I would like the records restated word for word, without the pictures.

[Records from a collection]
▶

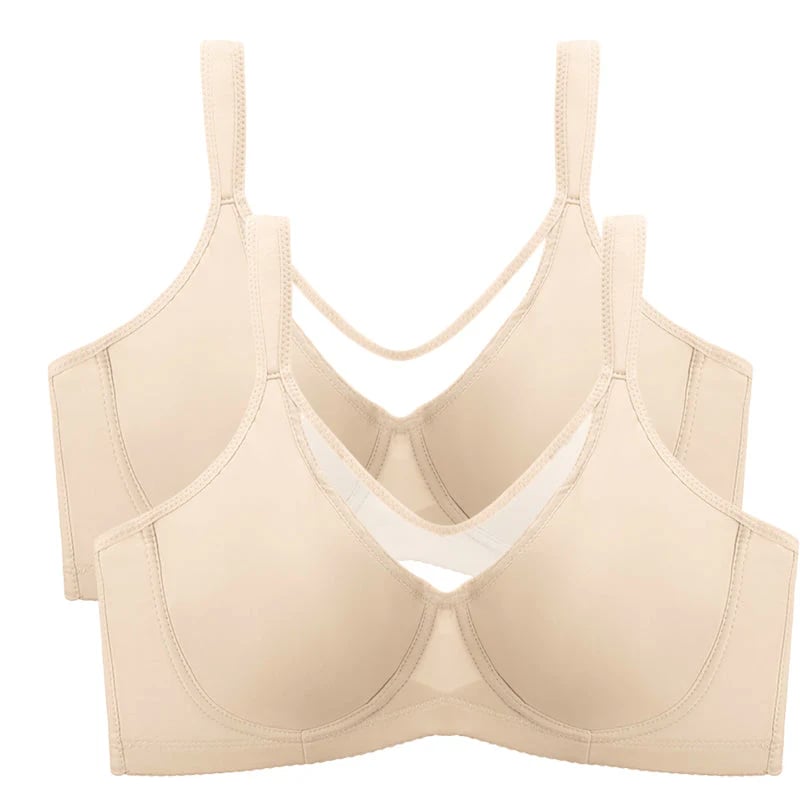 🔥 Today Only: Buy One, Get Two!💐Women's Elegant Sheer Full Coverage Minimizer Bra ✨ Plus Size for Large Busts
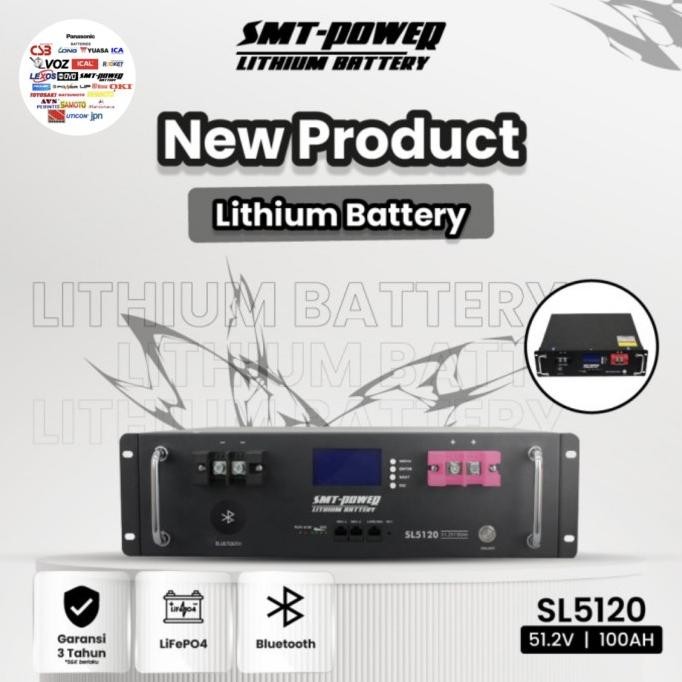 Jual Baterai UPS Batre Solar Panel Battery Lithium smt power SL5120 51 ...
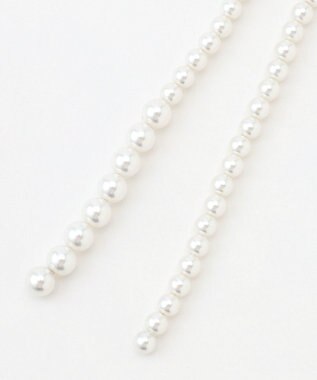 TOCCA RANDOM PEARL LARIAT NECKLACE ネックレス ピンクゴールド系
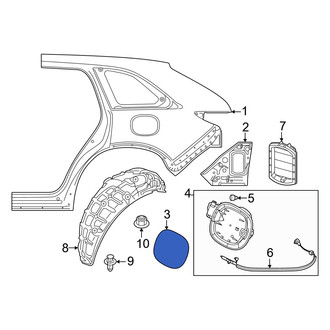 Mazda OE - Rear Fuel Filler Door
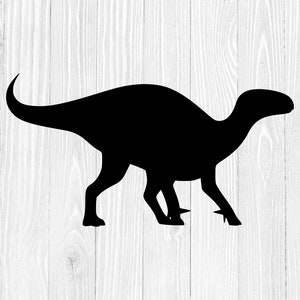Iguanodon  Jurassic Clipart, Dinosaur Clip Art. Vector Graphics for Stickers, T-shirts, Decals and More. Svg Dfx Png Eps Included!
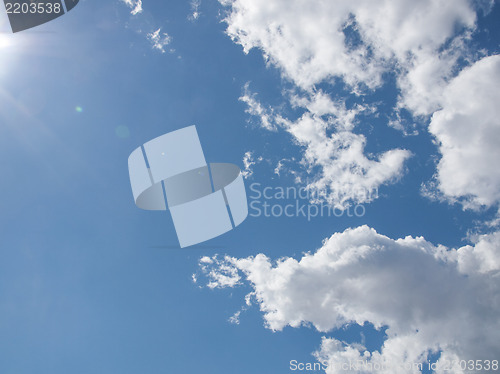 Image of Blue sky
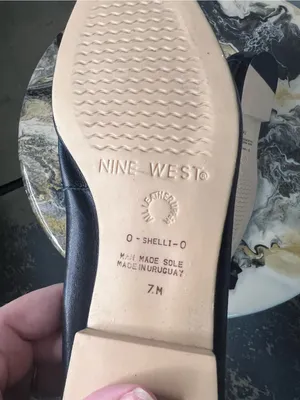 Vintage Nine West Navy White Leather Colorblock Flats thumbnail 10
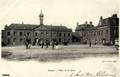 LENS (P.-de-C.) - Place de la Gare - Editeur : B.F. à Paris.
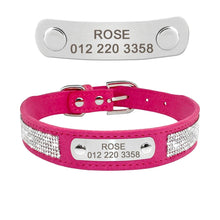 Personalized Cat Collar Bling Rhinestone | Custom Nameplate ID Collar for Small Dogs & Kittens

◀

■ Answer for this exercise ■
 🔥 Today Only: Buy One, Get Two!💐Women's Elegant Sheer Full Coverage Minimizer Bra ✨ Plus Size for Large Busts
 Jual Baterai UPS Batre Solar Panel Battery Lithium smt power SL5120 51 ...
 TOCCA RANDOM PEARL LARIAT NECKLACE ネックレス ピンクゴールド系
 Mazda OE - Rear Fuel Filler Door
Iguanodon  Jurassic Clipart, Dinosaur Clip Art. Vector Graphics for Stickers, T-shirts, Decals and More. Svg Dfx Png Eps Included!
 Image of Blue sky
 Vintage Nine West Navy White Leather Colorblock Flats thumbnail 10
 LENS (P.-de-C.) - Place de la Gare - Editeur : B.F. à Paris.
 Personalized Cat Collar Bling Rhinestone | Custom Nameplate ID Collar for Small Dogs & Kittens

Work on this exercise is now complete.